South Korea only shows China that it is still underperforming! China properly organised and completing development would allow it to be roughly 3 USAs at USA peak.

At the moment, Chinese on average consume and emit roughly 1/3 the average American in terms of energy, overall resources and contribution in emissions. If we want to use a parallel in energy density converted to be analogies for productivity in an individual, on average the Chinese person is roughly still only 1/3 a Korean or Japanese or American. There is much room to develop still and much more progress to be made and gained. Nominally, due to China's huge population this is already enough to make it such a power today but China has nowhere near finished developing. The education for under 40yo today is a remnant of the 1980s and 1990s. It is decent but nowhere near as good as the education in China after 2000s. In about 20 to 30 years time we'll see even greater progress in China as it goes towards completing development and the generational demographics make all this much more obvious.

I mean it's not like 70 year old Chinese people today can be considered for going back to complete high school or whatever they missed. South Korea has completed their journey. They have social problems like everyone else and economic ones too but they ought to be considered a developed nation. Their car industry workers get paid more than American ones (and they're also more competitive).

Once the average Chinese person is as educated and productive, we will see Chinese per capita emissions be a little higher than developed East Asian nations and probably around per capita emissions from Americans and Australians and so on (current highest per capita polluters). This is a decent measure but you gotta account for the industrial set up e.g. Chinese have a lot of heavy industry that manufactures for the world and if these move to places like Vietnam, Bangladesh, Thailand etc even in smaller fractions of total, you'll see China's emissions drop while those countries go through the roof.

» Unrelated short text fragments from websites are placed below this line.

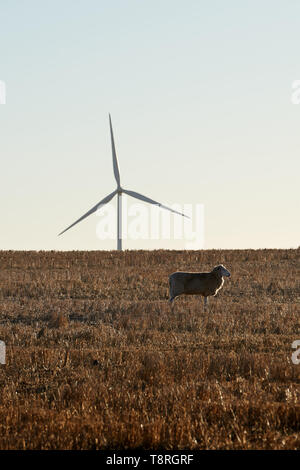 A single sheep grazing on an drought affected Australian farm in front of a wind farm turbine producing renewable energy. Stock Photo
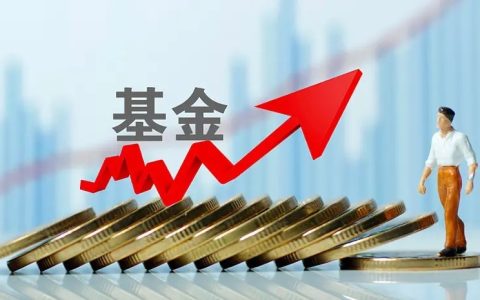 指数基金和主动基金哪个适合定投？主动基金和指数基金区别对比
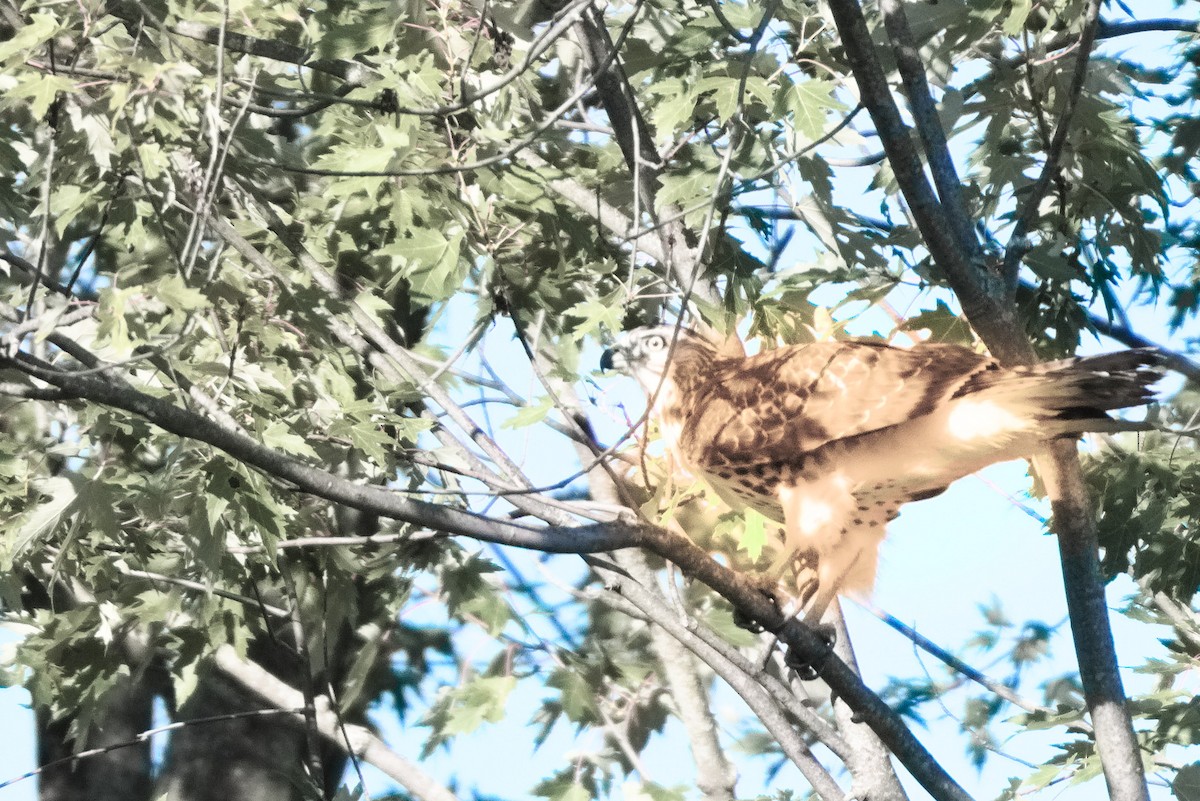 Red-tailed Hawk - ML642890857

Per capita GDP is also quite revealing and although China's is less than 1/3 US, it doesn't account for severely undervalued RMB and intensely overvalued American FIRE sectors and numbers moving on a screen "income". In truth, both emission and income indicators are roughly commensurate with overall development. Basically China can get three times "better" and more "powerful" just to be as productive overall as the average Japanese or South Korean. This is quite achievable since throughout history it has been the case. Not only that, I'd say pockets of China should surpass Japan and SK's performance while other pockets remain at parity.
I'm not disagreeing with using emissions per capita as a way to get a general look of a country (in terms of industrialisation, tech, development etc.).

Was just pointing out that emissions per cap will not be that defining/useful in the future for measuring those things (due to more green energy and the likes).

Also I fully agree that China has a lot more room to grow.

Also another thing about gdp, the US gdp can be considered to be quite 'inflated' (renter economy, and the way of calculating it is different, nominal gdp of China could increase by 1 to 3 trillions if they mirrors the US).

And in the same way also economies of South Korea, Japan (actual median is lower much lower than average per capita, and while the same would be said for China, it is less of a big difference especially when considering PPP).
 

ougoah

Brigadier
Registered Member
I think SK has some more to go to dislodge Japan and its comprehensive strength it accumulated over the course of a half century. Remember the Japanese hush hush controls of export licenses to SK for raw materials ( etch chemicals et all ) that remains not fully resolved to this day? What can SK control to hurt Japan as to get back ? Is there anything that SK manufactures that would severely impact Japanese industrial operations ?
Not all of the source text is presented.